Supplied material:
•••••

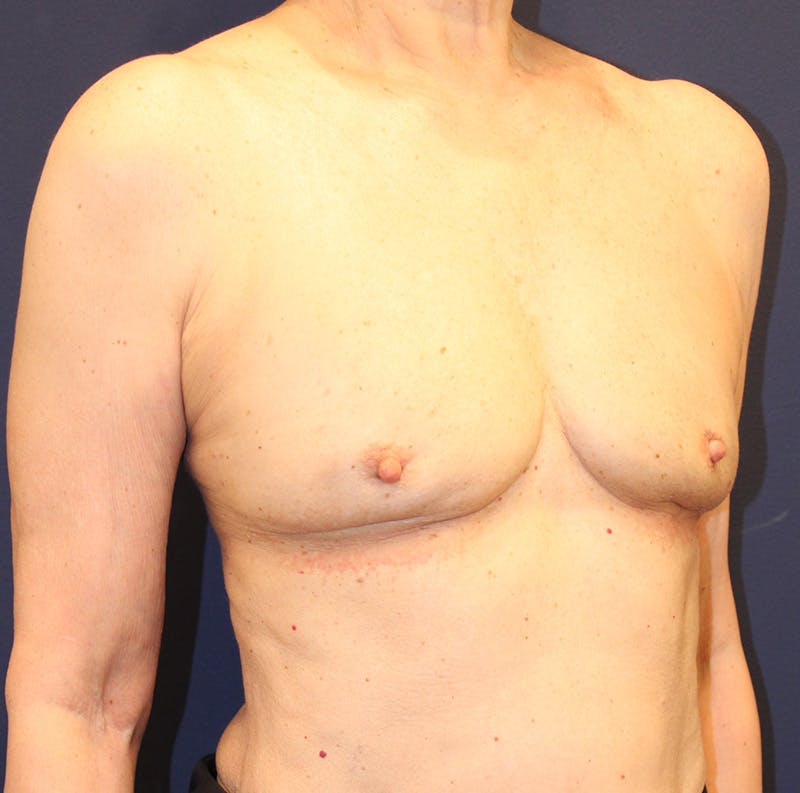 Breast Implant Revision Before & After Gallery - Patient 360092 - Image 4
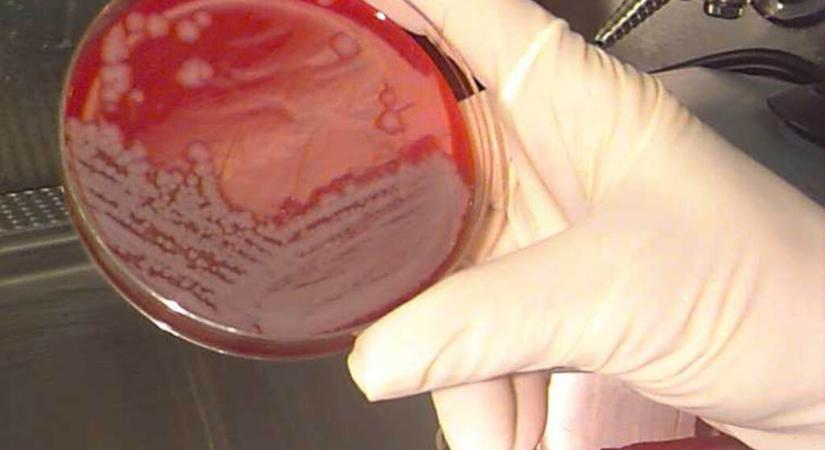 Lépfenét diagnosztizáltak egy páciensnél Magyarországon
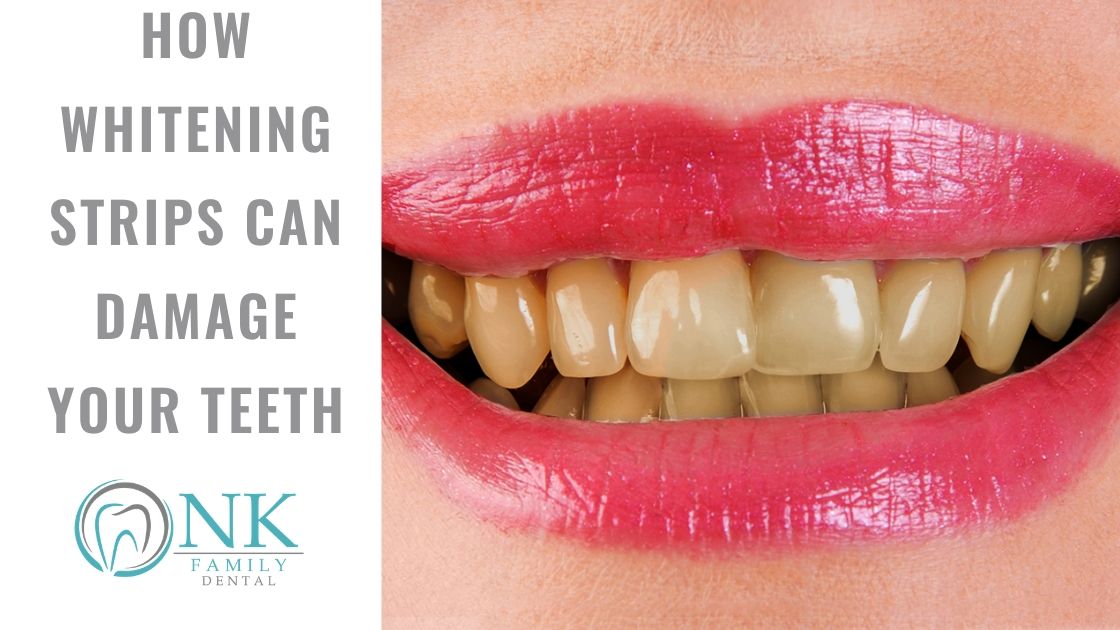 Are Crest White Strips Bad for Your Teeth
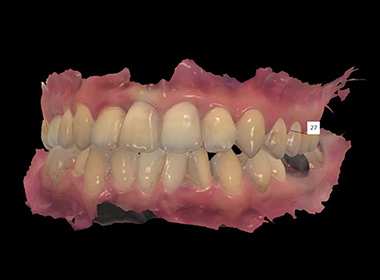 スキャン|小野歯科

•••••

Work instructions: From the material above, print everything exactly except the pictures.

Result of this exercise:
 Breast Implant Revision Before & After Gallery - Patient 360092 - Image 4
 Lépfenét diagnosztizáltak egy páciensnél Magyarországon
 Are Crest White Strips Bad for Your Teeth
 スキャン|小野歯科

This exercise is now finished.